Dss43 is the only one of its kind across all three sites. It is fitted with a special S-band transmitter that makes it the only means of communication with Voyager 2, as it coasts along in space some 11 billion miles away from Earth.
The antenna's location is also crucial: Voyager 2 is traveling in a downward direction relative to Earth's orbital plane, so it can only be detected from the southern hemisphere, making Australia a prime location for its communications.
During the antenna’s downtime, Voyager 2 can still beam science data down to ground control. But it will not be able to receive commands from Earth.
"We put the spacecraft back into a state where it will be just fine, assuming that everything goes normally with it during the time that the antenna is down," Suzanne Dodd, Voyager project manager and JPL Director for the Interplanetary Network, said in a statement. Assuming.
In January 2020, Voyager 2 suffered a slight glitch, when its software shut down one of its science instruments unexpectedly. NASA’s team of engineers on the ground worked to get the spacecraft up and running to its normal operations once again by sending commands up to the craft. Because of its distance, each command took about 17 hours to reach Voyager 2.
If something else were to go wrong with Voyager 2 during the next 11 months, NASA is counting on the spacecraft to be its own savior.
“If things don't go normally — which is always a possibility, especially with an aging spacecraft — then the onboard fault protection that's there can handle the situation,” Dodd said.
The mission still has about five years left in its designated timeline. And already, it has fed crucial information about our Solar System and beyond back to Earth.

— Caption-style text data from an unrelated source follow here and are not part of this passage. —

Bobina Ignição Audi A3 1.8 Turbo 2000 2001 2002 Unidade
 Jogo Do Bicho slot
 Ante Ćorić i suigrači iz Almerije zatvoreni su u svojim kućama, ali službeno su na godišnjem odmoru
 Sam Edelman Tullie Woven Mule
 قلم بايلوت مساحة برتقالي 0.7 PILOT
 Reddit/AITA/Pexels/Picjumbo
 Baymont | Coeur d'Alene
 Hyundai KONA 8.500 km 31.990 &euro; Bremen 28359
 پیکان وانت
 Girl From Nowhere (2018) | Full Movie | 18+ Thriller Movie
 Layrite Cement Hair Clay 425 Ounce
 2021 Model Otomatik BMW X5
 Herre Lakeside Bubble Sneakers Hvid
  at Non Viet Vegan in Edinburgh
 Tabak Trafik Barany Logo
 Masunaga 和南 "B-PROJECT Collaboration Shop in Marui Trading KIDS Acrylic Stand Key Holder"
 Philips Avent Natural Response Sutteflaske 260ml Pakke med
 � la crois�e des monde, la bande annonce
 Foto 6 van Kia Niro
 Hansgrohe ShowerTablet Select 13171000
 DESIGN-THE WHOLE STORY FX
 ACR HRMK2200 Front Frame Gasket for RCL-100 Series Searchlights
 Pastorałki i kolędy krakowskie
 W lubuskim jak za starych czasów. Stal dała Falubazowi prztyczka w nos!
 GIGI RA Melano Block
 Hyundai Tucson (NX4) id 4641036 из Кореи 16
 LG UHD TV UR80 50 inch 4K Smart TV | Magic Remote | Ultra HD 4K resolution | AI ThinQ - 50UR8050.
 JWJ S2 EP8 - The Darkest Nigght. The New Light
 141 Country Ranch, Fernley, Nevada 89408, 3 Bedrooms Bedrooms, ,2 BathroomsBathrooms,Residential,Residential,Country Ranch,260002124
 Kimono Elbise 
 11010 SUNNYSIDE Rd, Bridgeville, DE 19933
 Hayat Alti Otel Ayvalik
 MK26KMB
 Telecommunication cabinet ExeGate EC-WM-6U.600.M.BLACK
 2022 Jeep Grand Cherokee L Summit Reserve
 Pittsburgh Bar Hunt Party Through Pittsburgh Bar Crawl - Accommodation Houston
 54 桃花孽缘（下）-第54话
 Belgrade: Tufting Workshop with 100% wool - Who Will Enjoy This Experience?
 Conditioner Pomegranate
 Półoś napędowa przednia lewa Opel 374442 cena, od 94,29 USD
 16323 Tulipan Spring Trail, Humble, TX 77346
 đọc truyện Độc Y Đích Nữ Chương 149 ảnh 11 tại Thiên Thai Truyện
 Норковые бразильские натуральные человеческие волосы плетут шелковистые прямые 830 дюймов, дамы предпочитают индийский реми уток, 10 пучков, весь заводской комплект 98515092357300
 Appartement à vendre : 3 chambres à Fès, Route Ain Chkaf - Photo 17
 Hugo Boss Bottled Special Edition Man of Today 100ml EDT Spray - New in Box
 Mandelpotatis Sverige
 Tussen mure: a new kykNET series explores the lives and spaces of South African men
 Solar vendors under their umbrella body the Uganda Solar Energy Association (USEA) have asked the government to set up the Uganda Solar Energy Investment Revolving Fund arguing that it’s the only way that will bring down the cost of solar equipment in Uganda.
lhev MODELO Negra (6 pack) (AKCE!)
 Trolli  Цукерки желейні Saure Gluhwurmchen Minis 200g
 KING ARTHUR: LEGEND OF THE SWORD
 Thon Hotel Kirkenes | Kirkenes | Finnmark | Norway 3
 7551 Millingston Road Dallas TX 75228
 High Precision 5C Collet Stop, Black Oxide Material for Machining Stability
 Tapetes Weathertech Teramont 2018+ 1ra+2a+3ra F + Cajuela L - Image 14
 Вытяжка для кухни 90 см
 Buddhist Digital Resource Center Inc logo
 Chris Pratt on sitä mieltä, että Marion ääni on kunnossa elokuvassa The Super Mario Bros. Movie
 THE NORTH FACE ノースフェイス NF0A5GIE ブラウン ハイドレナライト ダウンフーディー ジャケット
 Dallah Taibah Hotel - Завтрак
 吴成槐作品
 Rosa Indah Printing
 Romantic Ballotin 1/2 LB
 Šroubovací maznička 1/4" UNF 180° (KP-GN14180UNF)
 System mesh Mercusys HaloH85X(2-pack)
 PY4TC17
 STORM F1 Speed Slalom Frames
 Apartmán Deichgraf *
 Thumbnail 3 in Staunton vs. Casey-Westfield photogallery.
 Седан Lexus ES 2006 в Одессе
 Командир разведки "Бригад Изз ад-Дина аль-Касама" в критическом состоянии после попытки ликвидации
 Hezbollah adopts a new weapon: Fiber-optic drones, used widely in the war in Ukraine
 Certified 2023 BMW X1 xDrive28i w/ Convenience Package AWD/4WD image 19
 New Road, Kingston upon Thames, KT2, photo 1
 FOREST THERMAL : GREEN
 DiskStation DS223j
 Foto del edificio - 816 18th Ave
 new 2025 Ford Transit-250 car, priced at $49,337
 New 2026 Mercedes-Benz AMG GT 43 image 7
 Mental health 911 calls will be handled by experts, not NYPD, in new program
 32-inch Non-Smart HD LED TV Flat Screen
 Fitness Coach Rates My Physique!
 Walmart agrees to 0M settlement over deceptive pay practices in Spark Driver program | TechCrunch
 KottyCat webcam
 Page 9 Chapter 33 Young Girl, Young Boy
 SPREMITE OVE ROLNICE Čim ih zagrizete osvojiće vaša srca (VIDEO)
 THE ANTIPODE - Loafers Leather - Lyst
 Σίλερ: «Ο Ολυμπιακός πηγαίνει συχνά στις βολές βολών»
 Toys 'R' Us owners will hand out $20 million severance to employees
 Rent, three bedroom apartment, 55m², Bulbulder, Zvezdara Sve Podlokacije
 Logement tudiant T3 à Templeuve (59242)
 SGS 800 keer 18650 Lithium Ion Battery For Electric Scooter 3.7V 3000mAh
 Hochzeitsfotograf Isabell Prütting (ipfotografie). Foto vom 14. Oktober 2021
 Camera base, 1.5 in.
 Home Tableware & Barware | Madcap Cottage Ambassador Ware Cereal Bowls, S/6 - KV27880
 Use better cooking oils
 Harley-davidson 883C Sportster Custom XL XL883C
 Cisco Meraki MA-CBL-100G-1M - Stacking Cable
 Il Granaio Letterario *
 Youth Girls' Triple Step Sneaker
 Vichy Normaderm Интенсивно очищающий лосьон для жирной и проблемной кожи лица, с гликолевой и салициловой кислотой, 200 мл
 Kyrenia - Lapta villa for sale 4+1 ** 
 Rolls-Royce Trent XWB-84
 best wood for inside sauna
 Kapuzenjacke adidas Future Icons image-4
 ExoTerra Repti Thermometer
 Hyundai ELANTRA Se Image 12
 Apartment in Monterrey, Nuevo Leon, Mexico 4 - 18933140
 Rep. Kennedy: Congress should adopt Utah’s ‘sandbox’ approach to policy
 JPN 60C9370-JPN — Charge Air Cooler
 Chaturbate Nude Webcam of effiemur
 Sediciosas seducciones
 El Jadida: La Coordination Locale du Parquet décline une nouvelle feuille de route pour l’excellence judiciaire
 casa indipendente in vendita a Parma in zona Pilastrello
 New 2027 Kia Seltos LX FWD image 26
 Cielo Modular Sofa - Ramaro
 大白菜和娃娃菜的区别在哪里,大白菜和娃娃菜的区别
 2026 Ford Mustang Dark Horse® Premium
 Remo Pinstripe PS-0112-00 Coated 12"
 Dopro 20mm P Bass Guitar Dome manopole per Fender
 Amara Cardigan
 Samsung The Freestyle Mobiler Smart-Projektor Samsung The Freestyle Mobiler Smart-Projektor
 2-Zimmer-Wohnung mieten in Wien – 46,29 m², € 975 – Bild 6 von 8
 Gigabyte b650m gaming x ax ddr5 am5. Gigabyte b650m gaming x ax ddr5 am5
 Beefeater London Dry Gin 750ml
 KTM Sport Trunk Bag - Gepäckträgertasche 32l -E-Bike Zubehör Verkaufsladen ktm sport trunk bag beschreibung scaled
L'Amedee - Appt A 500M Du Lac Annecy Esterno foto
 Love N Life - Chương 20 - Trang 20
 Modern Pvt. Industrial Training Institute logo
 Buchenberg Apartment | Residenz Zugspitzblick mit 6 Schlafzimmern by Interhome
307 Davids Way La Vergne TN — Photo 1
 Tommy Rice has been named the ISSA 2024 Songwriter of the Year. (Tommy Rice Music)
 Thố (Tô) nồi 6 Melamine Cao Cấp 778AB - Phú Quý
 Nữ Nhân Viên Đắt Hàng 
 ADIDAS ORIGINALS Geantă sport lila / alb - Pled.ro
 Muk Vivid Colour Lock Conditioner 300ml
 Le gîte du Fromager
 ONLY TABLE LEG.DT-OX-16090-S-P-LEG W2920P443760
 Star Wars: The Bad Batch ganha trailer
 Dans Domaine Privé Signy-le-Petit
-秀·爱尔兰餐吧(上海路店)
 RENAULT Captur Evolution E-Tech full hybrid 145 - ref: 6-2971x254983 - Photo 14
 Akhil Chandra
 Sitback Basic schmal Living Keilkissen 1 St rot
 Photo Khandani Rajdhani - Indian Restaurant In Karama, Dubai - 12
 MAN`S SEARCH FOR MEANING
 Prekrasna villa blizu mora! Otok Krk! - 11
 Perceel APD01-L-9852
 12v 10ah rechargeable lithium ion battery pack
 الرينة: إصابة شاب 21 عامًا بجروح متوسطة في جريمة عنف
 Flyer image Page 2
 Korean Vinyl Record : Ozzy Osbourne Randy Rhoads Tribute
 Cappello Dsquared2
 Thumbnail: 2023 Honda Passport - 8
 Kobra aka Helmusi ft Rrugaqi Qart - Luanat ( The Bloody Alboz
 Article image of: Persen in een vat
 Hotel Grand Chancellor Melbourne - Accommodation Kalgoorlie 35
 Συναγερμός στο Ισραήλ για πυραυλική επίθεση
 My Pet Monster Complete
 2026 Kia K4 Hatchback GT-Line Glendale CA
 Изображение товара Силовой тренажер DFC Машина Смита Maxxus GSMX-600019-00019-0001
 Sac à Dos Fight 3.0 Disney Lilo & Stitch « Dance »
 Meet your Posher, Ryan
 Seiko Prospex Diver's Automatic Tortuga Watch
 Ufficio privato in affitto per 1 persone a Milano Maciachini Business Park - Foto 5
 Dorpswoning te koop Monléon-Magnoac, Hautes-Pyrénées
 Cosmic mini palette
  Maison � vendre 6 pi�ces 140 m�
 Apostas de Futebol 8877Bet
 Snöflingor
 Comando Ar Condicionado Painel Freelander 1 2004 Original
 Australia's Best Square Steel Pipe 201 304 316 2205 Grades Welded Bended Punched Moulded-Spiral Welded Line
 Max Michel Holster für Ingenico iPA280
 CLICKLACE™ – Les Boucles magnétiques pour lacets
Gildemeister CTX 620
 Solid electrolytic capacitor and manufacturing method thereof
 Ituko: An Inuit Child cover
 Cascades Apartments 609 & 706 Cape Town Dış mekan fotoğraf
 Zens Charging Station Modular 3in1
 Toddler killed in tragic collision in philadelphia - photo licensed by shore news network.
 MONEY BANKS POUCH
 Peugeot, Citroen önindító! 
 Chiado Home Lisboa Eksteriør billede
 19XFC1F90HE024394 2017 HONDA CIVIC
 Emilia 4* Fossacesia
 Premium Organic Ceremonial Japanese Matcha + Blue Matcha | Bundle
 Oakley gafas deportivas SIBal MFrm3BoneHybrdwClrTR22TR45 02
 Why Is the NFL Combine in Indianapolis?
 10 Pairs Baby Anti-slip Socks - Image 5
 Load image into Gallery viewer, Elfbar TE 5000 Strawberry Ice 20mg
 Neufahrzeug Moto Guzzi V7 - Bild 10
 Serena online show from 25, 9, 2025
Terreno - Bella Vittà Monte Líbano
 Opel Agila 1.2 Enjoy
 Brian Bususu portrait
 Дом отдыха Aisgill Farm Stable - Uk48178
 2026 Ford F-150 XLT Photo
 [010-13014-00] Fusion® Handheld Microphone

Together with its sister satellite, Voyager 1, Voyager 2 is on a mission to provide scientists with a unique view of our own Solar System, looking at it from the outside.
Both spacecraft began their journeys in 1977. The speedier twin Voyager 1 made the jump into interstellar space in 2011, before it was followed by Voyager 2 in 2018.
The Dss43 antenna is expected to go back online in January 2021. Only then will we be able to talk back to this intrepid explorer once more. Until then, we hope Voyager 2 remains self-reliant.